Cellectar Biosciences Inc. (NASDAQ: CLRB) watched its shares skyrocket on Wednesday morning following the announcement of a patent. The company announced that it has obtained a patent that covers CLR 1603, a phospholipid ether-paclitaxel.
This specific phospholipid drug conjugate (PDC) product patent is based on one of a series of patent applications designed to protect both composition of matter and method of use for PDCs developed with Cellectar’s proprietary phospholipid-ether delivery vehicle conjugated with any existing or future cytotoxic agents, including chemotherapeutics such as paclitaxel, for targeted delivery to cancer cells and cancer stem cells.
The phospholipid ethers act as a cancer targeting drug vehicle, delivering cytotoxic compounds like paclitaxel directly to cancer cells, thus limiting the drug’s exposure to healthy cells and increasing the potency of the drug at lower concentrations.
Ultimately, the objective of the CLR CTX franchise is to develop PDC chemotherapeutics through conjugation of non-targeted anti-cancer agents with the company’s novel delivery vehicle with the goal of improving therapeutic indices, enhancing product profiles and expanding potential indications through targeted cancer cell delivery of chemotherapeutic payloads.
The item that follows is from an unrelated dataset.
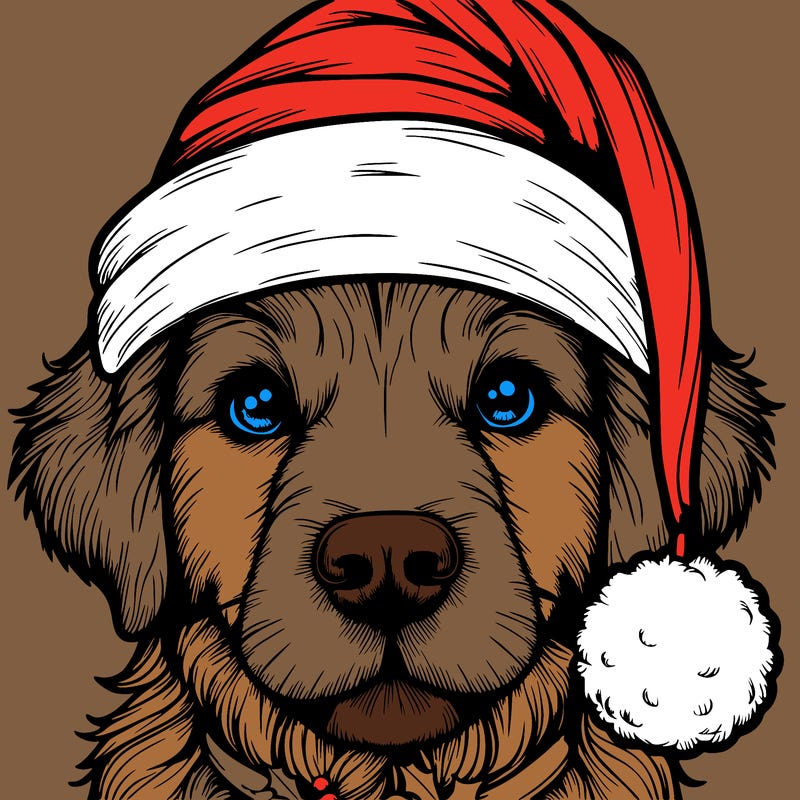realistic dog with a christmas hat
Jim Caruso, president and CEO of Cellectar, commented:
This first issued patent under our CLR CTX Chemotherapeutic program provides Cellectar and any future partners intellectual property (IP) protection through at least November 2035, allowing significant runway for product development and commercialization. Importantly, this IP protection further validates our delivery platform and strengthens the value-optimizing potential of our CLR CTX chemotherapeutic conjugate R&D program.
Shares of Cellectar traded up 20% at $3.78 early Wednesday, with a consensus analyst price target of $2.50 and a 52-week trading range of $1.00 to $38.90.